* **Supplied material**
++++++++

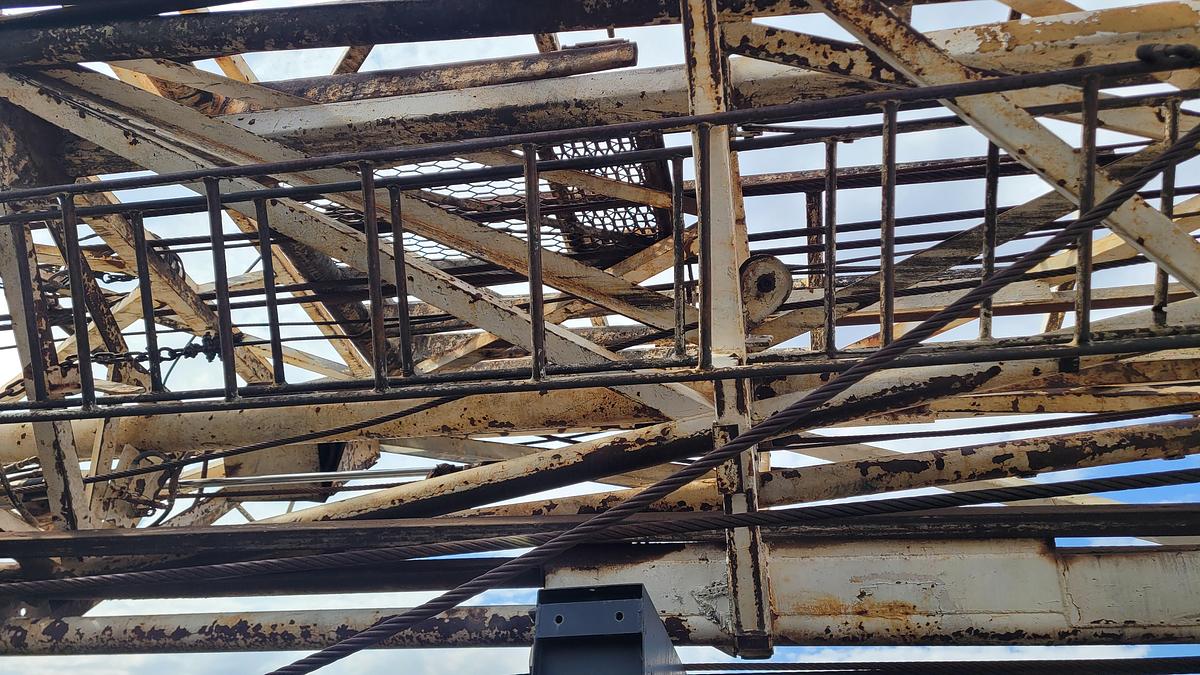 Used 1980 Franks 1287 Workover Rig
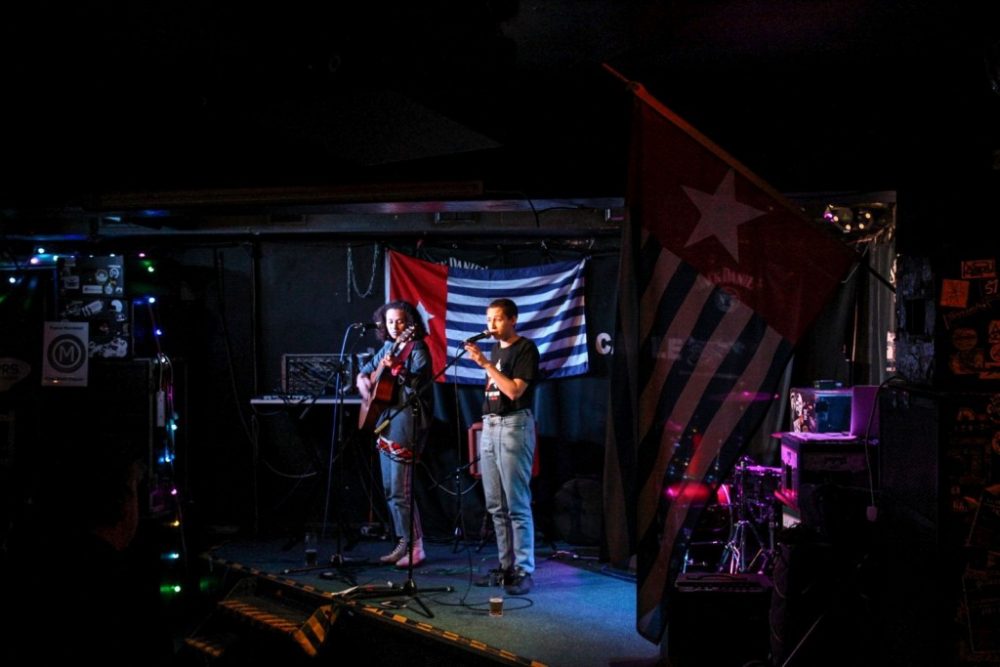 Rockin' for West Papua peace concert held in London - Free West Papua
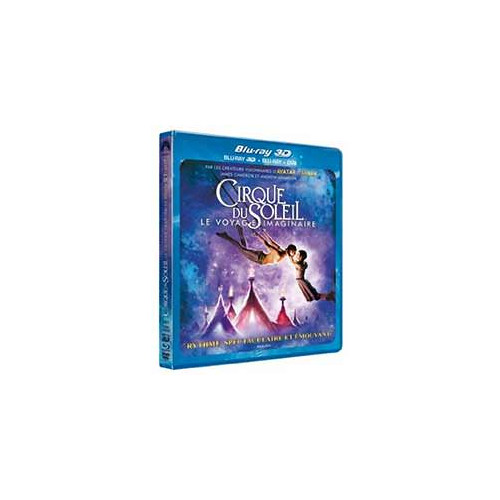 Résultats - Cirque du Soleil : Le Voyage Imaginaire : 5 Blu-ray 3D à gagner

++++++++

* **Work required**
The expected output is the full material above, unaltered, with pictures removed.

* **Reply to the exercise**
 Used 1980 Franks 1287 Workover Rig
 Rockin' for West Papua peace concert held in London - Free West Papua
 Résultats - Cirque du Soleil : Le Voyage Imaginaire : 5 Blu-ray 3D à gagner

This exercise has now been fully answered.